Apart from reviewing a museum exhibit on the history of girlhood at my sabbatical blog, I’m largely taking a break from writing while I travel this week and next. But I’ll still plan to collect and share links like the following:
• There’s a lot to contemplate in Wendell Berry’s latest essay, but this part rang truest to this parent: “I dread to say so, but we have become a child-killing nation. The kindest way to put this is to say that we have become a society of people who cannot prevent our own children from being killed in their classrooms or in other gathering places and who do not much mind the killing of other people’s children by weapons of war that we have made and assigned to that purpose.”

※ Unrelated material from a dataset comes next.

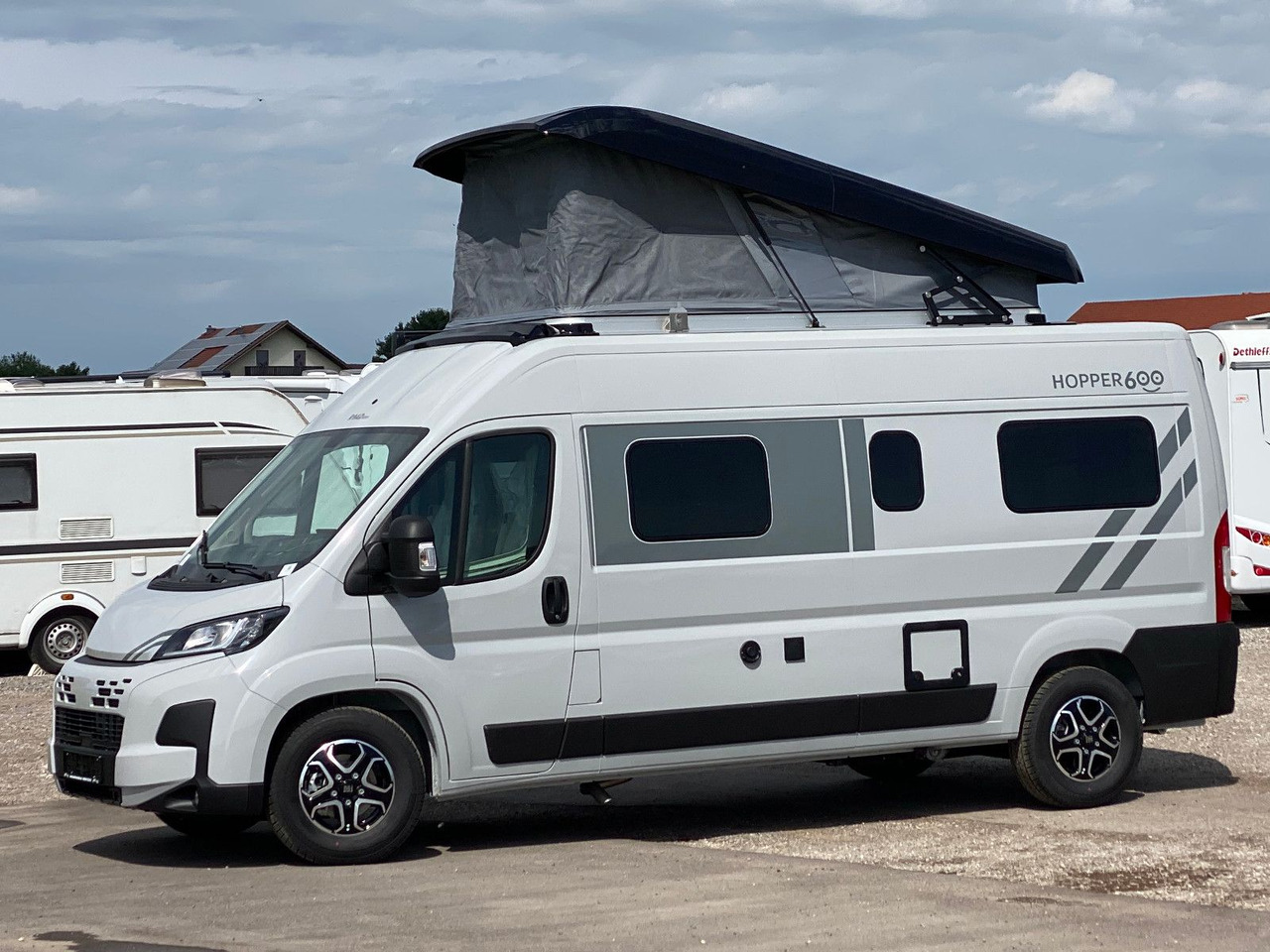 Carado CV 600 Aufstelldach, white Label - Campervan: picture 2 Carado CV 600 Aufstelldach, white Label - Campervan: picture 2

• Someone should absolutely found a “John 17 Coalition” of Christians who value unity.
• What can churches offer in a post-Christian culture? Among other things, “deep contemplation, true companionship, sincere dialogue across difference, an identity beyond self-expression, tangible and profound belonging.”
• What should we make of the growing number of Americans who identify as evangelical, but rarely go to church?
• Few congregations are growing faster than a Minnesota megachurch — excuse me, “multi-site church” — that’s connected to Bethel’s denomination.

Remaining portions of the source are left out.